BOSTON (AP) — Massachusetts refugee organisations urged the United States (US) President Trump administration on Tuesday to raise its proposed cap on refugees, noting that crises have forced millions from their homes and that the US has the resources to respond.
The US Department of State last week proposed accepting just 18,000 refugees in the fiscal year that began on Tuesday — the lowest since the humanitarian programme was created in 1980. Last year, the administration placed the cap at the then-record low of 30,000 refugees. In Barack Obama’s last year as President, he set the annual cap at 110,000 refugees.
Leaders of Oxfam America, the International Institute of New England, Catholic Charities of Boston and other groups also called on state policymakers to bolster agencies serving refugees as they deal with layoffs and closures because of cuts to the federal refugee programmeme.

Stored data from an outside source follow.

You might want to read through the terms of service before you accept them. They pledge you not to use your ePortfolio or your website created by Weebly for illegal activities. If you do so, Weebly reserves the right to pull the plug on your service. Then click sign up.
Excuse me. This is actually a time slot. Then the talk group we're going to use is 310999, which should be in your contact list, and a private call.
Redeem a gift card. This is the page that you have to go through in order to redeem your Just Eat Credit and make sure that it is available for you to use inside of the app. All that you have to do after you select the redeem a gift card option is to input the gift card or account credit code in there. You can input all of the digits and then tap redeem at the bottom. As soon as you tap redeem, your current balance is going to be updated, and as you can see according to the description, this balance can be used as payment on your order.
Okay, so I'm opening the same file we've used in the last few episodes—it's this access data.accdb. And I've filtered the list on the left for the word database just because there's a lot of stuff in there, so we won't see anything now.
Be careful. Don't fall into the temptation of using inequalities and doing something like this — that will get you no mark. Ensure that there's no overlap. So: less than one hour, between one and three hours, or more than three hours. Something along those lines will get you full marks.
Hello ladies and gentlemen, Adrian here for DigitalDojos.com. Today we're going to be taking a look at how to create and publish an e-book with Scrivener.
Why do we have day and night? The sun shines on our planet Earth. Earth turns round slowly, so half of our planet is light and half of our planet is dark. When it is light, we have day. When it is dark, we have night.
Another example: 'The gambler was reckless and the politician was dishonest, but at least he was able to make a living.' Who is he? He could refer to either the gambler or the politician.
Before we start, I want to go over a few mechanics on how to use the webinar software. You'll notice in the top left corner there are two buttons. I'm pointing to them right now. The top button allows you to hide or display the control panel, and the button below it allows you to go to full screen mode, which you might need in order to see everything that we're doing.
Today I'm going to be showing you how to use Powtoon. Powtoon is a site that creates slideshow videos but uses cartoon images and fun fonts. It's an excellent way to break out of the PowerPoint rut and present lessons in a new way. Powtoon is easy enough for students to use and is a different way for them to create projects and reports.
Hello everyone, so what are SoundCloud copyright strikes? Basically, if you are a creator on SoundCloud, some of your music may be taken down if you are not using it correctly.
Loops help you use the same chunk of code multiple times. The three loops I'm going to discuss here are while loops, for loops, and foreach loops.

The curtailment of the national refugee quota comes despite great global upheaval, said Executive Director of the Massachusetts Immigrant and Refugee Advocacy Coalition Eva Millona. Nearly 26 million refugees have had to leave their homelands due to war, political repression, religious persecution and natural disasters in recent years, she said.
“People are suffering, and we need to help,” Millona said, speaking at a forum at Oxfam’s downtown Boston office. “We have the resources”.
The Trump administration is also now requiring state and local governments to approve most refugee resettlements, which activists said on Tuesday could open the door for some states and cities to ban refugees altogether.
The State Department said in a statement resettlement in the US is just one way the administration supports refugees, citing diplomatic efforts to resolve conflicts in the Middle East and Latin America to billions of dollars in aid sent overseas for basic needs like food, shelter and healthcare.
Republican Governor Charlie Baker’s office said it remains committed to supporting refugees despite the White House policies because they’re “vital to Massachusetts’ economy, culture and civic life”.